House Speaker Nancy Pelosi’s home turf will decide this fall whether it will allow 16-year-olds to vote in local elections.
San Francisco residents rejected a similar measure in 2016, but organizers of the initiative are hoping for success this time around.
“I really think that Vote 16 will help youth of color in San Francisco establish the habit of voting at an earlier age, and really provide them with the support and the resources that they need to continue building on that habit as they grow older,” 18-year-old Crystal Chan, who is part of Vote 16 SF, which pushed for the measure to be on November’s ballot, told NBC News.
If the measure passes, San Francisco would become the first major U.S. city to allow 16- and 17-year-olds to vote in municipal elections.
Voting at 16 is supported by Pelosi, who represents the city.
“I think it’s really important to capture kids when they’re in high school, when they’re interested in all of this, when they’re learning about government, to be able to vote,” she said in 2019.
One of Vote 16’s leaders said the sooner people begin voting, the better it is for democracy.
“Research is clear on this, that voting is a habit. And 16 is a better time than 18 to establish that habit,” Brandon Klugman, Vote 16’s campaign manager, told NBC.
“Our motivation here first and foremost is to make sure that we put new voters in a position to establish that habit in the first election they’re eligible for, and then to continue participating throughout their lives which is good for democracy on every level,” he said.
But Republican activist Nate Hochman, a college senior, said too few 16-year-olds understand “exactly what good governance looks like.”
“Sixteen-year-olds — they’re sophomores, juniors in high school like they’re deeply impressionable. They’re largely interested in learning what, you know, their friends are doing and appearing to be cool,” said Hochman, who attends Colorado College.

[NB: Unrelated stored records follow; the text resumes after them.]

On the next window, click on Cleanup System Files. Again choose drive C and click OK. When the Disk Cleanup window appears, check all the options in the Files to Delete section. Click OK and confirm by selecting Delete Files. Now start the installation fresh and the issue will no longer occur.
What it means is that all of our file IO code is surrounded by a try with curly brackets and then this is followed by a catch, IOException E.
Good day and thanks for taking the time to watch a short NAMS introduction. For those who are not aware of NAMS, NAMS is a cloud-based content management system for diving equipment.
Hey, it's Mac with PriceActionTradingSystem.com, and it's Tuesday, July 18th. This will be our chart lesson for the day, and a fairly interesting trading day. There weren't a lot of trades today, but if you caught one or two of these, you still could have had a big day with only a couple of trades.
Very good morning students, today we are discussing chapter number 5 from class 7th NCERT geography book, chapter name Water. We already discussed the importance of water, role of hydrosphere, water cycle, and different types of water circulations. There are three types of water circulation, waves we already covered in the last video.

“And they’re not capable of making completely rational decisions about voting,” he told NBC.
Klugman, however, said that teens should have a voice in decisions that affect them.

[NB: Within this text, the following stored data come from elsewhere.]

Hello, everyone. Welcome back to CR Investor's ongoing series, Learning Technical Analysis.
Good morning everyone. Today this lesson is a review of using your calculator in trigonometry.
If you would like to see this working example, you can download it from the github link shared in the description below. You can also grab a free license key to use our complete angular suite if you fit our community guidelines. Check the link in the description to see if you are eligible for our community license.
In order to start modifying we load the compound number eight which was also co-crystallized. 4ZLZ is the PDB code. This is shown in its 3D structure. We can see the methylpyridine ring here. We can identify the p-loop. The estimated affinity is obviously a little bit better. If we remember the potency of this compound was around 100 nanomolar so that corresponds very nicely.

“We’ve seen the concrete effects that local policy decisions make on the lives of young people really more clearly than ever as school boards and local officials figure out how they’re gonna reopen schools … how they’re going to make sure that young people have access to remote learning and the achievement gap doesn’t widen,” he said.
Many on Twitter said they think lowering the voting age would be a mistake:
Last year, Congress rejected a proposal from Democratic Rep. Ayanna Pressley of Massachusetts to lower the voting age to 16 for federal elections, according to the Washington Examiner.
“I’m of the opinion that we shouldn’t arbitrarily lower the voting age just because right now, I believe Democrats think they’ll gain more votes,” Republican Rep. Rodney Davis of Illinois said at the time.
“I believe it will institutionalize a Democrat majority here in this House of Representatives.”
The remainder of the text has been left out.